Problem description:
Nothing but the lines from the start of the entries below through the line containing "Baby Girl Floral" should appear in the answer, copied exactly and free of pictures.

[Crawled caption data]

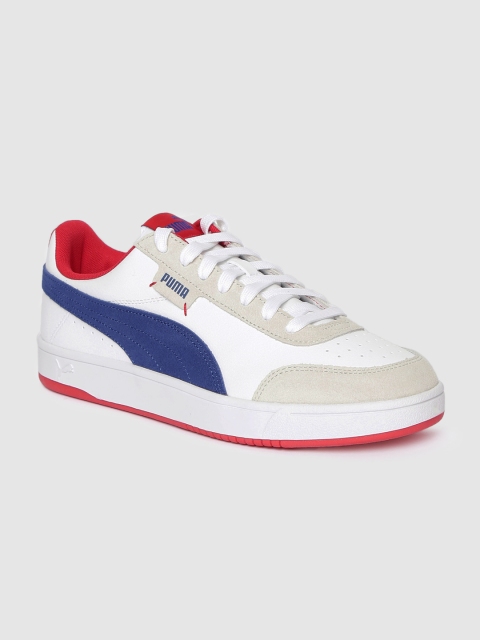 

Puma Unisex White & Blue Court Legend Lo Leather Sneakers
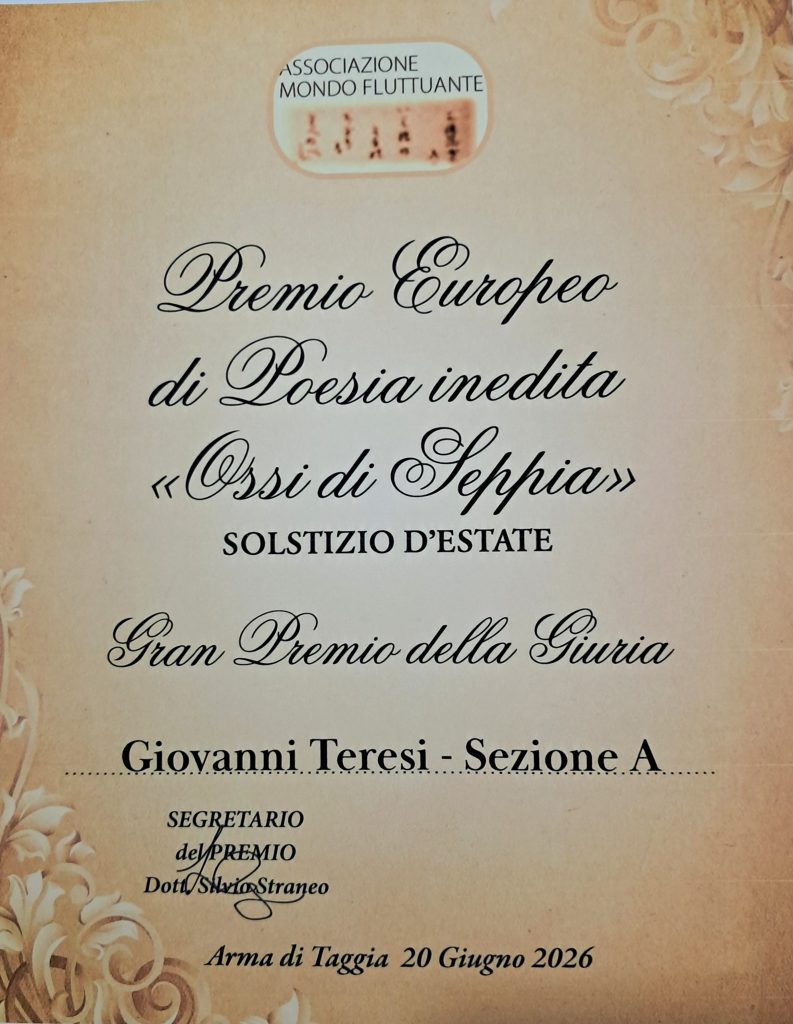 Giovanni Teresi La fragile bellezza Premio internazionale Poesia inedita "Ossi di Seppia" Solstizio d'Estate 2026 cctm a noi piace leggere poesia 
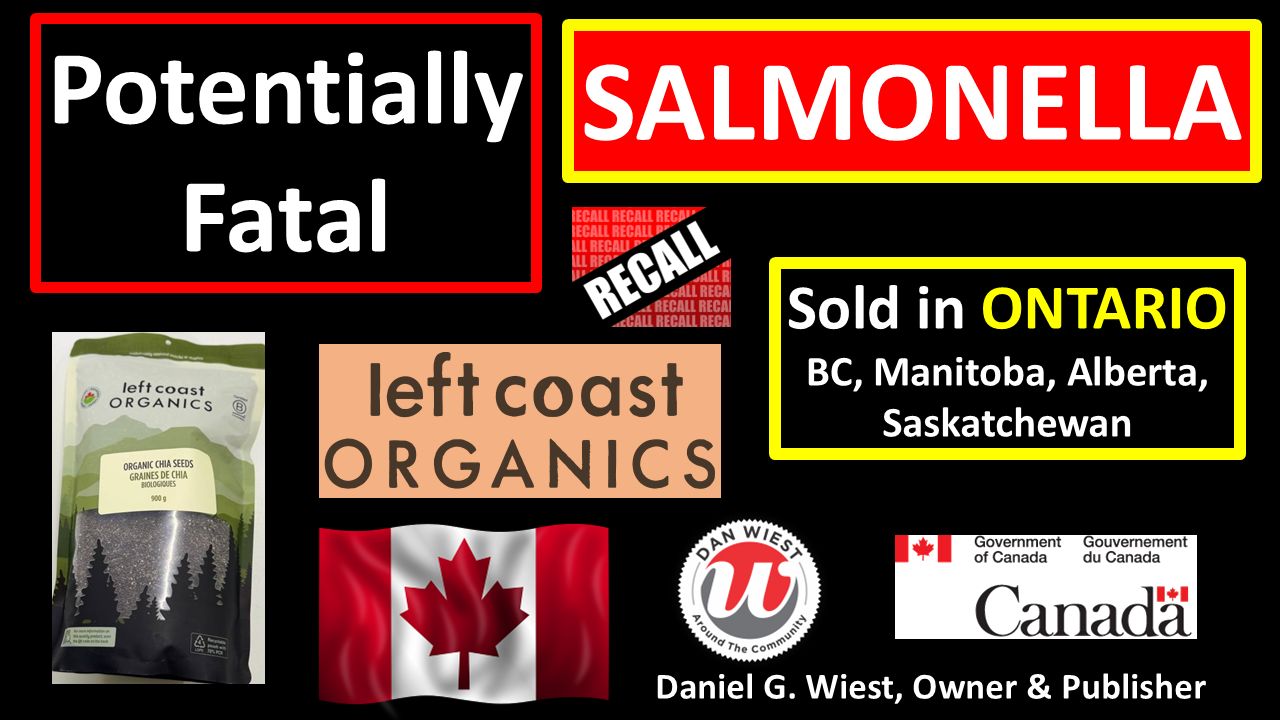 Left Coast Organics chia seeds recalled due to salmonella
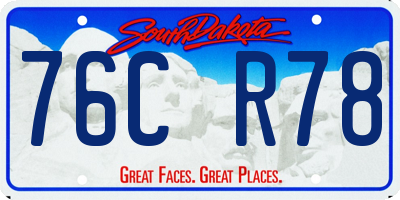 SD license plate 76CR78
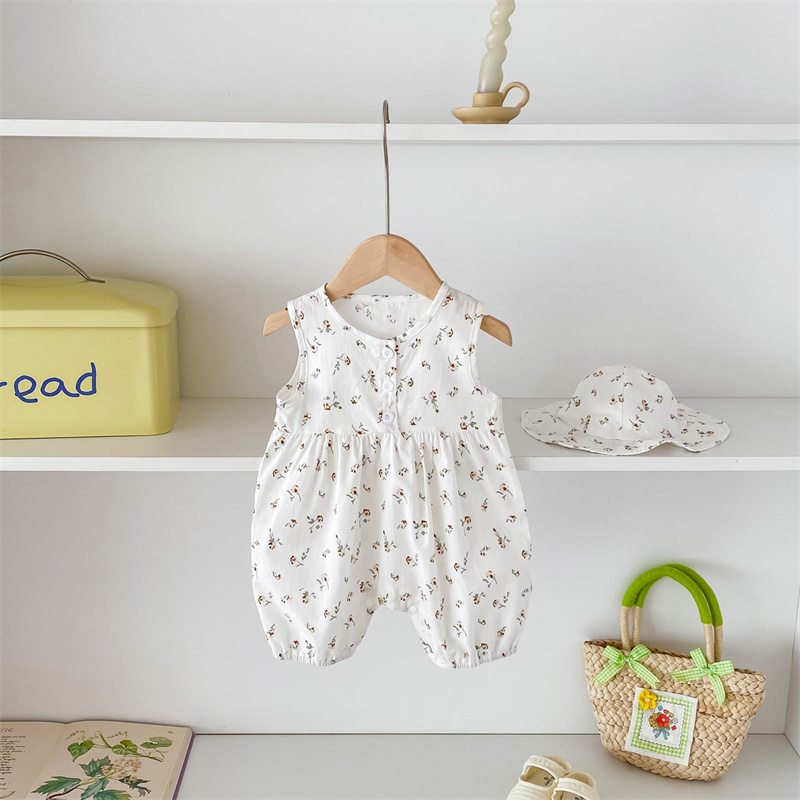 Baby Girl Floral Plaid Sleeveless Romper+ Hairband 2pcs set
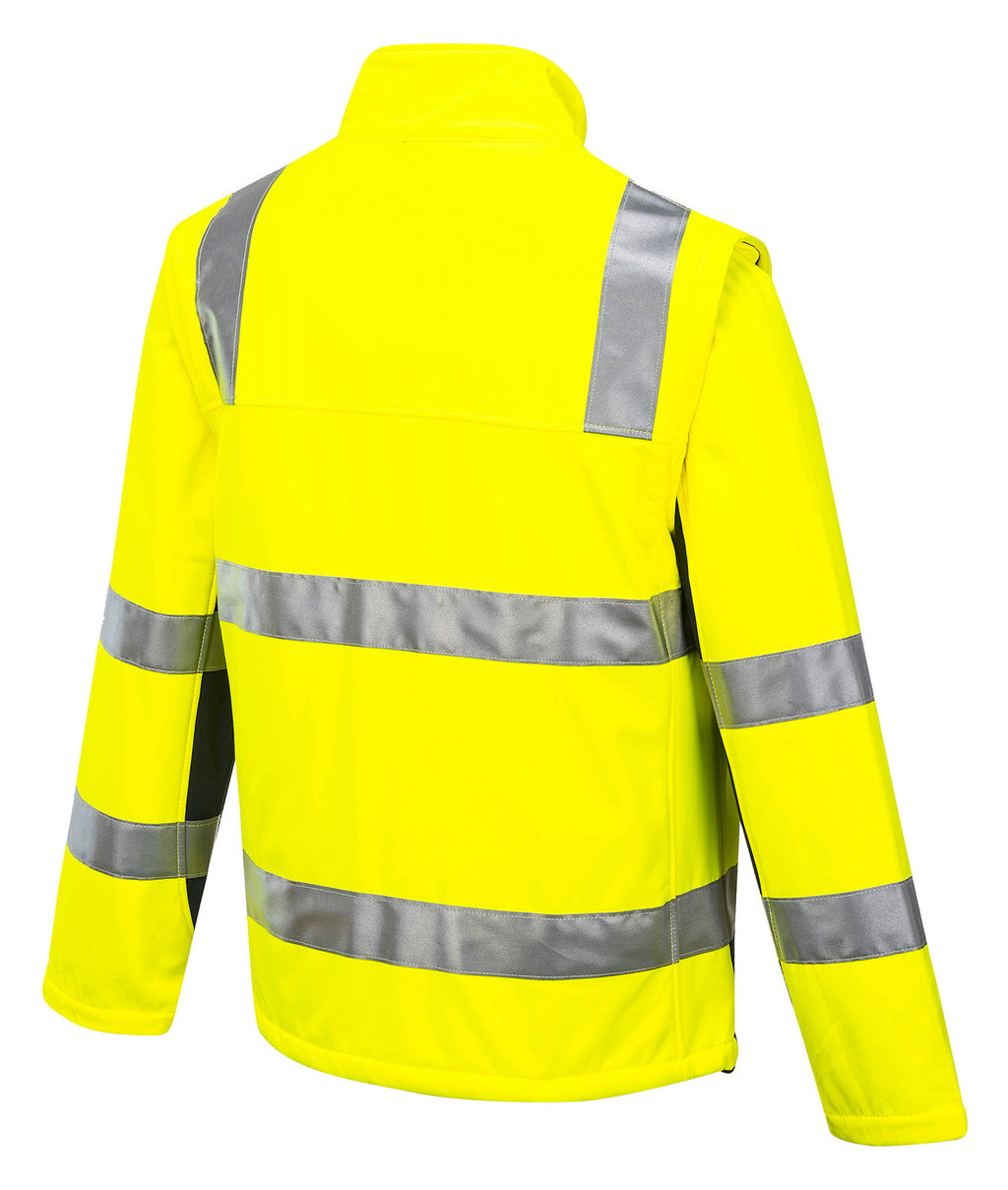 Portwest Mens Chassis Softshell Jacket 2 in 1 (K8074YNR) Yellow/Navy  [GD]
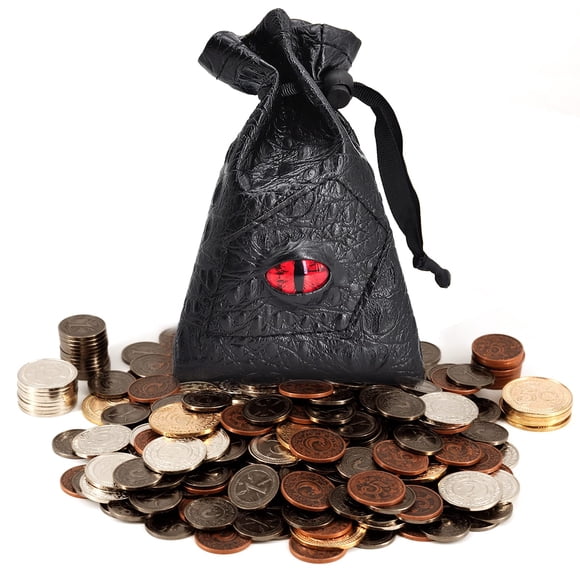 Juego de monedas de metal CZYY DND 60 con funda de piel para juegos de mesa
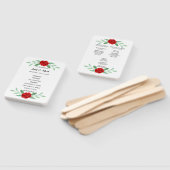 Red Floral Greenery Foliage Wedding Program Fans Handwaaier (Niet-gemonteerd)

Answer box:
Puma Unisex White & Blue Court Legend Lo Leather Sneakers
 Giovanni Teresi La fragile bellezza Premio internazionale Poesia inedita "Ossi di Seppia" Solstizio d'Estate 2026 cctm a noi piace leggere poesia 
 Left Coast Organics chia seeds recalled due to salmonella
 SD license plate 76CR78
 Baby Girl Floral Plaid Sleeveless Romper+ Hairband 2pcs set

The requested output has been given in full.